▶ _EXERCISE BRIEF_
Write out the records again, exactly, leaving none out.

[Entries taken from a collection]
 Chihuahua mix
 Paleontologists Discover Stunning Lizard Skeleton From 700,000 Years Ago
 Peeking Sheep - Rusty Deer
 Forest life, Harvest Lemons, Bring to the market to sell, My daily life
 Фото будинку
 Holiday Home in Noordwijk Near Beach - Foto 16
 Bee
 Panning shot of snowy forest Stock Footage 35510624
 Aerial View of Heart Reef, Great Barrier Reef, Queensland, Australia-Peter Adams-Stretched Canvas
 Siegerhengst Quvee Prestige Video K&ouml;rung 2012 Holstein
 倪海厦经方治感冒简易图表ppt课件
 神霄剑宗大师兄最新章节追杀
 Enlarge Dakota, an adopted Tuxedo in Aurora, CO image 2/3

▶ _ANSWER TO THE PROBLEM_
 Chihuahua mix
 Paleontologists Discover Stunning Lizard Skeleton From 700,000 Years Ago
 Peeking Sheep - Rusty Deer
 Forest life, Harvest Lemons, Bring to the market to sell, My daily life
 Фото будинку
 Holiday Home in Noordwijk Near Beach - Foto 16
 Bee
 Panning shot of snowy forest Stock Footage 35510624
 Aerial View of Heart Reef, Great Barrier Reef, Queensland, Australia-Peter Adams-Stretched Canvas
 Siegerhengst Quvee Prestige Video K&ouml;rung 2012 Holstein
 倪海厦经方治感冒简易图表ppt课件
 神霄剑宗大师兄最新章节追杀
 Enlarge Dakota, an adopted Tuxedo in Aurora, CO image 2/3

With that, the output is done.